_EXERCISE DIRECTIONS_. Print each entry in full, word for word, with no pictures in the result.

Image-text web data
--- START ---

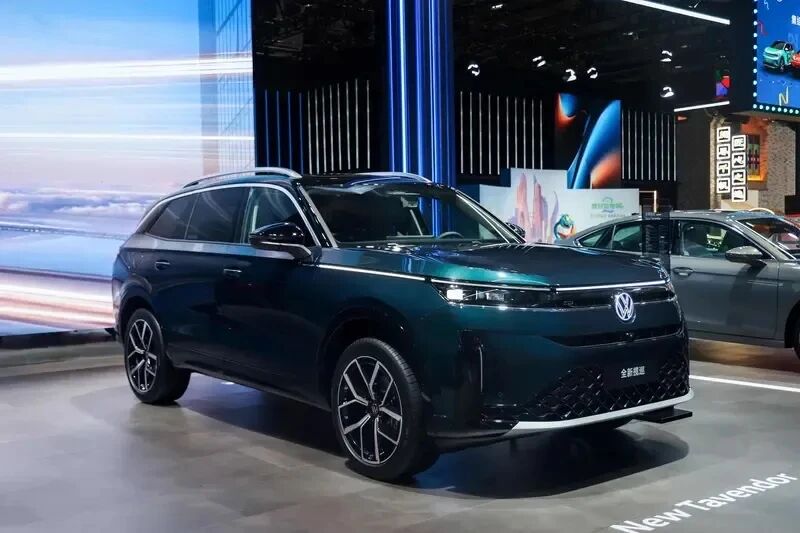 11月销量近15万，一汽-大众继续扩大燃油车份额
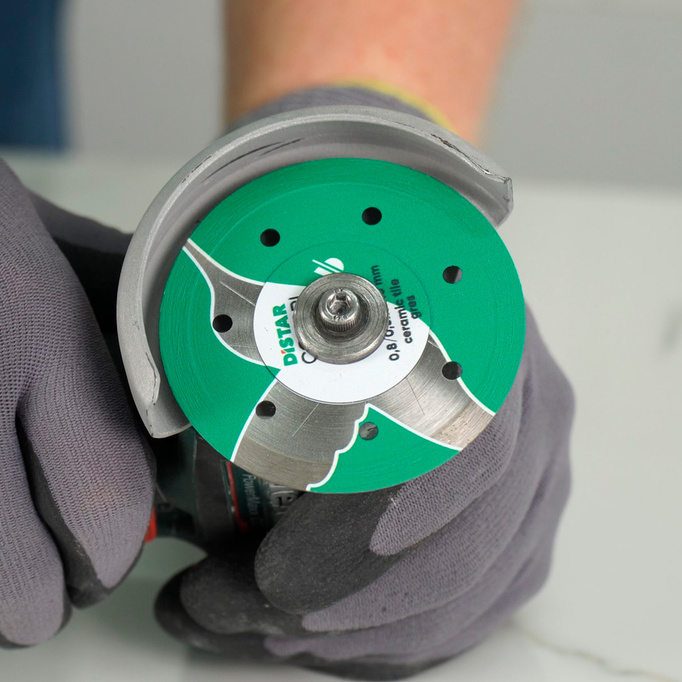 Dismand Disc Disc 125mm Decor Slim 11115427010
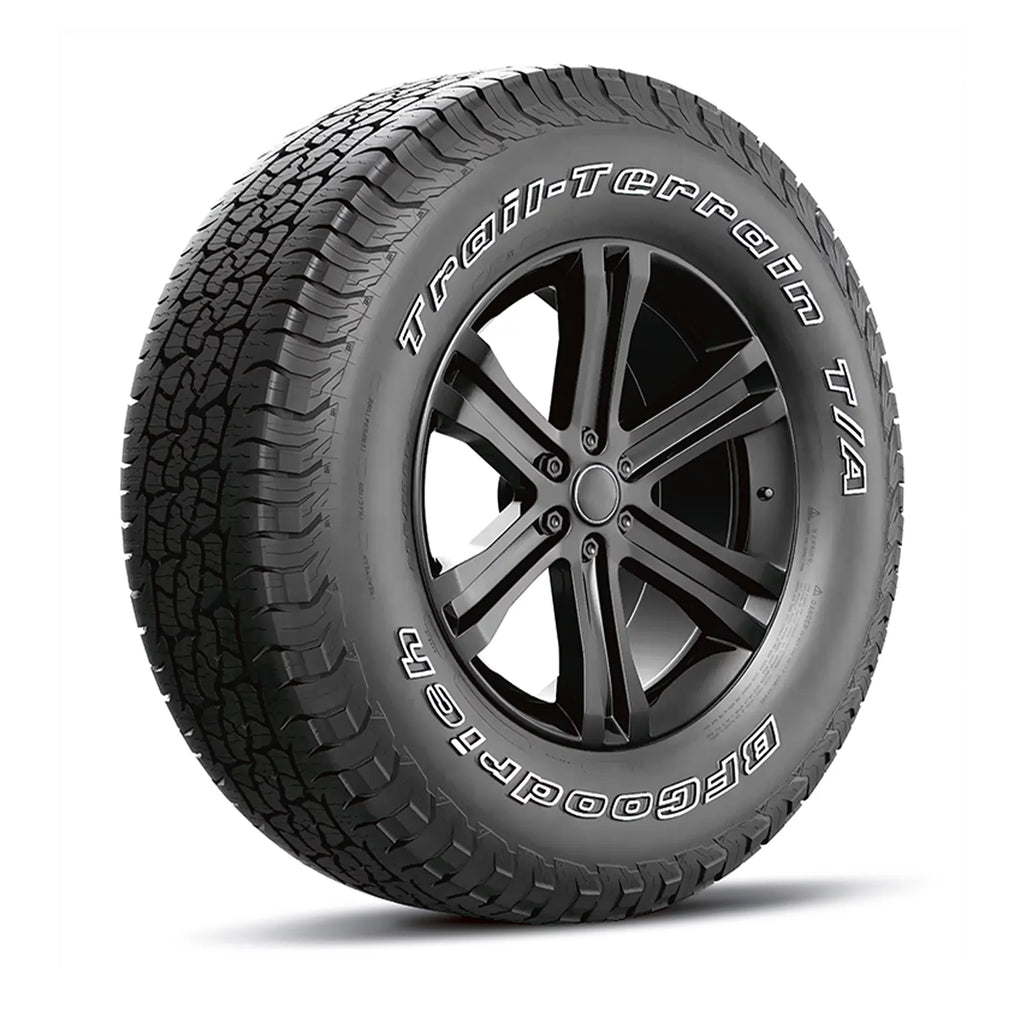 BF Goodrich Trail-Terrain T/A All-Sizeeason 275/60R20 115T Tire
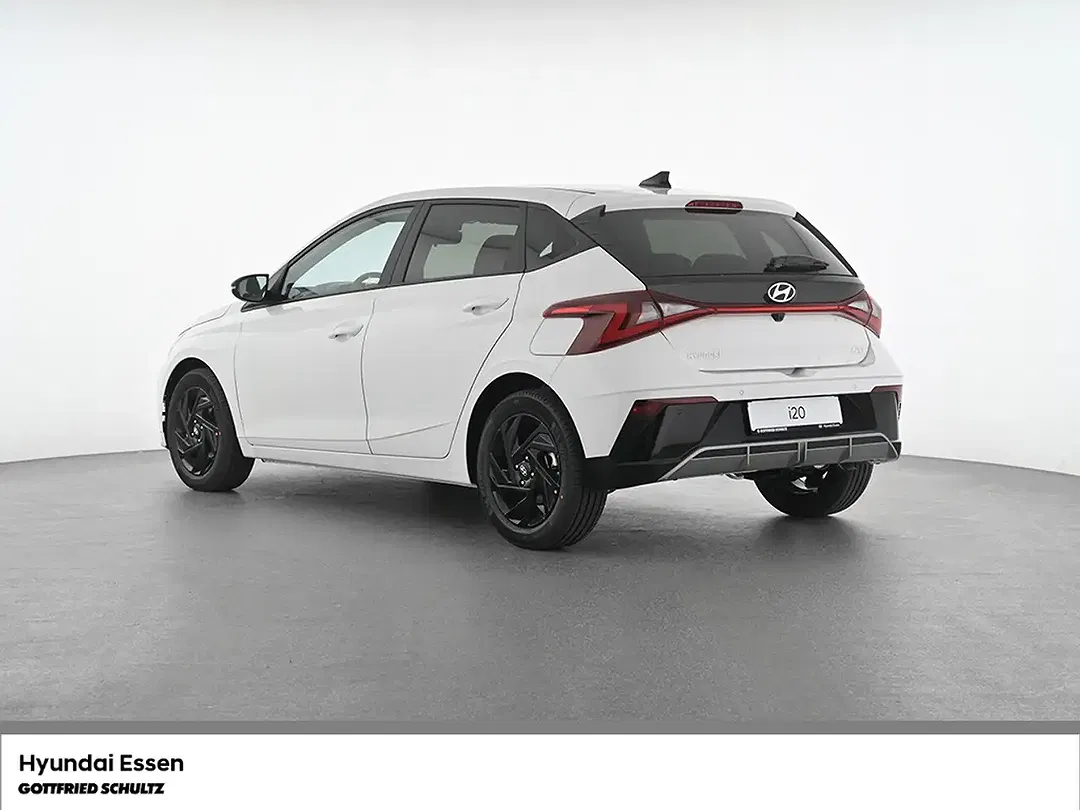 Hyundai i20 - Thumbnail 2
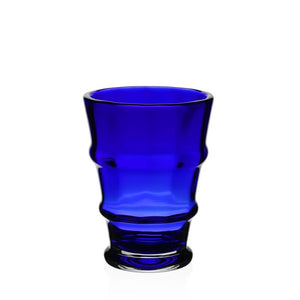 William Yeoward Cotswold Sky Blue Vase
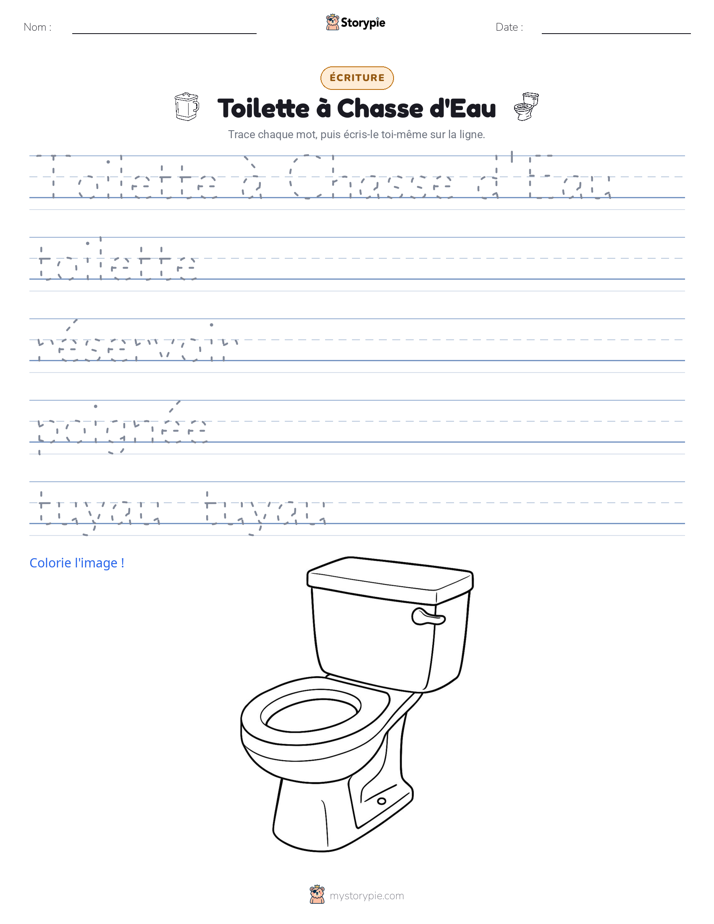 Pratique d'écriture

--- END ---

_SOLUTION_.
 11月销量近15万，一汽-大众继续扩大燃油车份额
 Dismand Disc Disc 125mm Decor Slim 11115427010
 BF Goodrich Trail-Terrain T/A All-Sizeeason 275/60R20 115T Tire
 Hyundai i20 - Thumbnail 2
 William Yeoward Cotswold Sky Blue Vase
 Pratique d'écriture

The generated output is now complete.